Das Problem vor der Lösung
Die zweite Voraussetzung liegt nicht in der Technik, sondern im Denken davor: Welches konkrete Problem soll durch den Einsatz von KI kleiner werden? Nicht: Wo könnte KI irgendwo helfen. Ein Problem, das nicht benannt ist, lässt sich auch nicht lösen – es lässt sich nur mit einem Tool überdecken.
Diese Klärung verlangt, Symptom und Ursache auseinanderzuhalten. Zu lange Bearbeitungszeiten sind ein Symptom. Die Ursache kann in fehlender Standardisierung liegen, in Wissen, das nur eine Person hat, oder in Abstimmungsschleifen, die niemand mehr hinterfragt. Erst wenn die Ursache benannt ist, lässt sich beurteilen, ob KI dort überhaupt ansetzen kann – und wenn ja, woran.
Woran erkennt man, dass es wirkt
Aus der Problemdefinition folgt der Maßstab. Wer vorher festlegt, welches Ergebnis erwartet wird, kann hinterher prüfen, ob es eingetreten ist. Wer das nicht tut, hat am Ende nur ein Tool, das läuft – aber keine Antwort darauf, ob sich etwas verändert hat.
Der Maßstab muss nicht kompliziert sein. Er muss nur aus dem Problem selbst kommen: Wenn das Problem lange Durchlaufzeiten waren, ist die Kennzahl die Durchlaufzeit vorher und nachher. Wenn das Problem Wissen war, das nur eine Person hatte, ist die Kennzahl, wie viele Personen dieses Wissen jetzt eigenständig nutzen können. Die Kennzahl entsteht aus der Antwort auf die Frage, was sich konkret verändert haben soll – nicht aus einer allgemeinen Vorstellung von Effizienz.

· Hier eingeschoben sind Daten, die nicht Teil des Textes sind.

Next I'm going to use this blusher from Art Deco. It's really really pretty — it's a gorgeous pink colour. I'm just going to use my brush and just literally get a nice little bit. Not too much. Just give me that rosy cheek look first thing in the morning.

Die Reihenfolge: Fundament vor KI-Einführung
Standortbestimmung vor Werkzeugauswahl. Problemdefinition vor Lösung. Messbarkeit vor Rollout. Diese Reihenfolge lässt sich nicht abkürzen, ohne dass sie sich später rächt – durch Tools, die niemand nutzt, durch Investitionen, die am eigentlichen Problem vorbeigehen, durch eine Geschäftsführung, die das Vertrauen in das Thema verliert, weil das erste Projekt nichts gebracht hat.
Zum Weiterdenken:
- Wissen wir, auf welchem Fundament eine KI-Anwendung bei uns aufsetzen würde?
- Können wir das Problem, das wir lösen wollen, in einem Satz benennen – ohne das Wort „Effizienz“?

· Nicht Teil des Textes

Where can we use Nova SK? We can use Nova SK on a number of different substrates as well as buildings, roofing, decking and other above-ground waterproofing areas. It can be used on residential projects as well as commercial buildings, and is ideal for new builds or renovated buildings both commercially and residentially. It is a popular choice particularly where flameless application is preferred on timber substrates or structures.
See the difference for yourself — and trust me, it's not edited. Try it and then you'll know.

- Woran würden wir in sechs Monaten erkennen, dass sich dieses Problem tatsächlich verkleinert hat?
Wer diese drei Fragen für das eigene Unternehmen noch nicht beantworten kann, muss sie nicht allein beantworten. Ein erstes Gespräch dazu kostet Sie nichts.
Boris Wehmann · Unternehmensberater Hamburg Tel: +49 40 657 26 273 · Mail: kontakt@boris-wehmann.de ·
Fragen und Antworten
Was bedeutet „Fundament“ im Zusammenhang mit einer KI-Einführung? Gemeint sind die Voraussetzungen, die schon vor dem ersten Tool bestehen: Datenqualität, dokumentierte Prozesse, klare Rollen und Entscheidungswege, funktionierende Zusammenarbeit. KI verbessert diese Voraussetzungen nicht, sie baut auf ihnen auf.
Muss ich meinen IST-Zustand offiziell prüfen lassen, bevor ich KI einführe? Nicht zwingend durch einen Dritten. Entscheidend ist, dass die Standortbestimmung ehrlich passiert – intern oder mit Unterstützung von außen. Eine externe Perspektive hilft oft, weil sie Lücken benennt, die im eigenen Haus nicht mehr auffallen.
Wie lange dauert eine solche Standortbestimmung? Das hängt von der Größe und Komplexität des Unternehmens ab und lässt sich seriös erst im konkreten Fall einschätzen, nicht pauschal im Vorfeld.
Wer im Unternehmen sollte das Problem benennen, das durch KI gelöst werden soll? In der Regel die Geschäftsführung gemeinsam mit den Personen, die dem Problem im Alltag am nächsten sind. Wird die Problemdefinition allein an die IT delegiert, fehlt häufig der Bezug zur eigentlichen Ursache.
Was passiert, wenn man ohne diese Klärungen startet? Meistens ein Tool, das technisch läuft, aber im Arbeitsalltag nicht ankommt. Die Investition ist getätigt, das Problem bleibt bestehen, und die nächste Initiative hat es schwerer, weil das Vertrauen in das Thema bereits gelitten hat.